I have been sort of dancing around Manzi’s conclusion for a while now. I think it’s time to stop dancing.

The massive media and governmental panic over the recession is the product of the public’s mindset that short-term pain must be avoided at all costs. We are unwilling to defer pleasure under any set of circumstances, and the government perfectly mirrors the polity in its unwillingness to live within its means. Similarly, we resist any form of direct accountability for the consequences of our own actions; there is always “corporate greed” or “predatory lending” to blame for our own wretched, shortsighted decisions.

Manzi gets to the heart of the matter. The ongoing economic growth which our nation has been experiencing is the product of borrowed money. It is, therefore, illusory. We were borrowing from the future to finance our desires of the moment; now the future has arrived. We were always going to have to pay for our extravagance sooner or later. This recession simply represents the bill coming due.

The stimulus bill–indeed, all efforts to spend our way out of recession, or to eliminate it through tax reduction–represent a simple effort to kick the problem further down the road. These bills, too, will come due, and the pain will be all the greater. As long as we consume more than we produce, we are living on borrowed time. Our options are to produce more or consume less. Period.
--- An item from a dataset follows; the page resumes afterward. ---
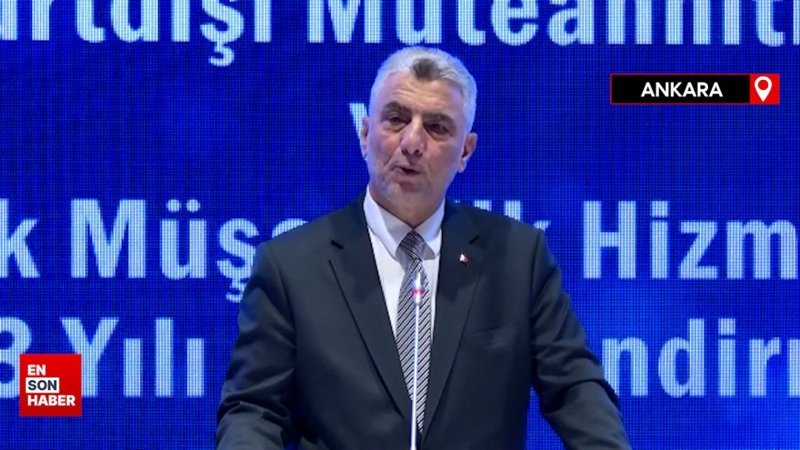 Ömer Bolat: Yurt dışı müteahhitlik sektörü yılı 27,4 milyar dolarla kapattı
For some time now, I have felt myself to be a minority of one where my feelings on emerging events have been concerned. I listen to tales of mortgage defaults without feeling a shred of sympathy for the “victims”, who almost universally locked themselves into deals that they hadn’t the remotest prospect of paying. I recieve robo-calls offering to help me out with my “predatory lenders” (I have no current debt worth mentioning, so I assume these are made at random) and I want to kick the caller in the teeth–and kick those who’d take them up on the offer even harder.

Now as the entire universe joins in chorus in support of some form of government bailout–Republicans, Democrats, and the media alike–I find myself alone again, intent on the idea that this recession is, indeed, necessary to the long-term economic security of the United States. Pain is our body’s way of telling us that our behavior is unsustainable. The proper response to this pain is not to load up on drugs, but to correctly identify and then alter the behavior that caused it.

It seems that Ron Paul is the only man in Washington who shares my views. It’s me, Ron, and Jim Manzi against the world.


  1. And me. This whole thing almost seems orchestrated to me at this point. When it doesn’t work, and it probably won’t, then what?

    Comment by James — 1/29/2009 @ 8:06 pm

  2. Count me in, too, although if we’re going to do a government bailout, I think there are better and worse ways to do it.

    I think Obama should spread the notion that the patriotic duty of every American is to live within your means. Do everything you like to make those means more extensive, sure, but living beyond them as a chronic way of life–whether you’re an individual or a government–is unsustainable.

    And I should learn to follow my own advice.

    Comment by Talarohk — 1/29/2009 @ 8:54 pm

  3. I think there are a lot of people who think that Ron Paul is the only person in Washington who shares their views. I think that’s why some people are so fanatical about him, despite the fact that he is kind of goofy.

    In my opinion, once again, the libertarians and classical economists have ascertained the appropriate government response to (whatever ‘crisis’ we’re facing today): Nothing.

    Comment by Redland Jack — 1/29/2009 @ 11:24 pm

  4. I agree that we need to contract. We need to live within our means and we need to face up to the fact that this means we will have to scale down our standard of living. If the government is going to get involved, I wish it would provide training/education, extended unemployment benefits, and health care for people who lose their livelihoods during the downturn. Not that I think it’s the government’s responsibility for that but I do believe it would be good for the country and its definitely helps people who need it out.

    Yeah, people might have to move into an apartment or smaller house, they might have to give back their new Shiny™, they have to wear a smaller wardrobe longer. The shock needs to be felt strong enough to make people want to live responsibly, but at the same time it’s pretty inhumane to not care enough to help alleviate some of the pain, especially if its done in a way that can ultimately have a positive economic effect (as the interventions I mentioned above would).

    Comment by Jerrod — 1/29/2009 @ 11:51 pm

  5. My feeling has always been that if people are going to stick their hands in my pocket, then I get to have a say in how they live their lives. If I’m paying for someone else’s health insurance, I get to tell them what to eat and how often to exercise.

    I don’t like for people to suffer, and I know one surefire way for that to happen… they can live their lives like I do.

    Comment by Redland Jack — 1/31/2009 @ 3:24 am

  6. You get that involved in how charities dispurse donations or churches deal with tithes?

    Comment by Jerrod — 1/31/2009 @ 8:46 am

  7. I know the Mormons tend to be very charitable (particularly to other Mormons). However, they take an active interest in why a person needs the charity and act in a paternal matter towards the person receiving the charity. This seems perfectly valid and is probably more helpful to the person receiving the charity, as it helps them to get at the root of the their problem.

    The more personally involved the charitable organization, the better. I think this is why governments are particularly awful at dispensing help to people. The bond between the helper and the helpee is quite weak. ‘Communities’ strike me as a much better way of helping people. Governments destroy communities and weaken the interpersonal ties between people (not necessarily more than superior transportation or something like the Internet, but it is still a very destructive force).